One of the most important things to keep in mind while writing a blog I think, is to keep it nice and simple and to write in a way that makes it easy for the reader to grasp the true meaning of what you really want to convey.
Wednesday started as usual with the routine morning jog with my cousin, where I have this tendency of putting my ankles at the mercy of the park’s rugged terrain. But somehow I managed to escape the jogging session with my ankles intact.
Back home, I got a call from one of my closest friend asking me to hop along for lunch at Hauz Khas village. I completed my post graduation from one of India’s most coveted institutes located near Hauz Khas. I always heard my batchmates singing praises about the place, but I never managed to reach the ‘village’ part of it. I decided to join her for lunch and asked her to meet me at New Delhi’s most cherished meeting point — Connaught Place — which is currently in a shambles. I happened to reach before and decided to grab a couple of orchids for my friend from a florist who stays open 24X7. Done with picking up the flowers, I was stepping out of the florist’s shop when he called me up from behind to fill up a feedback form. With my face turned one side and my feet the other, I landed awkwardly on my right ankle, tweaking it. I could feel a gush of pain in my ankle.
With a couple of orchids in my hand, I somehow managed to limp my way into the bustling Rajiv Chowk metro station. A direct, crowded metro got us to Green Park from where an auto-rickshaw took us to our destination.
At first look, Hauz Khas village looked like your average hangout zone, nestled safely next to the Hauz Khas fort. But as you start walking inside those narrow decorated alleys you get to see the real side of the village. There is an armada of stores inside. The first one that caught my eye was a shop located in a basement. The entrance of the shop was laden with posters from yesteryear Bollywood flicks. Everything from Mother India to Mughal-e-azam.

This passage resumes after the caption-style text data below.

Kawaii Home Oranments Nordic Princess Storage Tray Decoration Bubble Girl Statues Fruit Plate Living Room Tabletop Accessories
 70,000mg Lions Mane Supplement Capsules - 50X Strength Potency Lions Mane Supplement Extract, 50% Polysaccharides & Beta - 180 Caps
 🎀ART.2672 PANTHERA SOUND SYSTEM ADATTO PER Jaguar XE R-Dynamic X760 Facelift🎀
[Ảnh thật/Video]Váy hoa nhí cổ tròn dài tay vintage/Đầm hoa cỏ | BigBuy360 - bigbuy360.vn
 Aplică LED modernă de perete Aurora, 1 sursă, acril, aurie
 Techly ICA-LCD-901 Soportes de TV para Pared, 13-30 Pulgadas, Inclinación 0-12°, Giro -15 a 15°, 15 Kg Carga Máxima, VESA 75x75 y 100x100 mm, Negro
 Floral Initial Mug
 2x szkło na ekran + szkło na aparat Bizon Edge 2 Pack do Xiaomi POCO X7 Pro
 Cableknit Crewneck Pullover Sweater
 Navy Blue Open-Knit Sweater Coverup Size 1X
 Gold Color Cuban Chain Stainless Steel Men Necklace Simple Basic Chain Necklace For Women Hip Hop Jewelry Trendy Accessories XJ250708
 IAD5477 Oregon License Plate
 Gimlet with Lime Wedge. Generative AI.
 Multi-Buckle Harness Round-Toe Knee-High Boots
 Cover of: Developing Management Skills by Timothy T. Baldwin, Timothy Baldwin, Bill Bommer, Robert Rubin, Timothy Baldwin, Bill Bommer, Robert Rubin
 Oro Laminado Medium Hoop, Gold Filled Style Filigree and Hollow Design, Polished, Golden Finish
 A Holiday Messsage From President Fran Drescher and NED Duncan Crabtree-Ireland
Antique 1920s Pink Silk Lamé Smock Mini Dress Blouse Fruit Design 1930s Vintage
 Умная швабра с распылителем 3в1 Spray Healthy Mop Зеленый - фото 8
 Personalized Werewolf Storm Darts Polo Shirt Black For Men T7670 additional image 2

Our first stop was the magnificent Kuzart Lane — an art gallery cum café. The entrance to the lane is spell bounding. A dark alley illuminated with numerous light bulbs hanging from the roof, perfectly placed in one line. On either side of the lane are two walls, which have been decorated with paintings from various artists. Most of them would be a treat for any art lover as they are available at much cheaper prices than the original price which is of course mentioned on every painting that is clinging to the colourful wall.
The café is in itself a separate entity. It has been built and designed exquisitely. The walls painted in the form of a huge bird which bears beautiful colours. On the other wall in the café are two unique guitars: each with a painting etched onto it. The menu has a variety of snacks, main course meals and sparkling beverages to go along with it and add to it the melodious playlist that keeps producing one track after the other. The Kuzart café shouldn’t chalk out much out of your pocket.
After a hefty lunch at the Kuzart, we wandered again, though, this time to find another place called Elma’s Bakery. It sounded pretty neat to me, whereas my friend was anxious to see and try the bakery as she had read about it quite frequently.
Anyone who is looking for calmness along with a pinch of class should definitely pay visit to Elma’s Bakery. Albeit, a tad expensive, it is worth every single penny.
These are just two of the many places that the Hauz Khas village has to offer. And at the end of the day, the pain in the ankle really didn’t matter. I am sure to return to the village for more experiences, if nothing but to buy a few vintage Bollywood posters.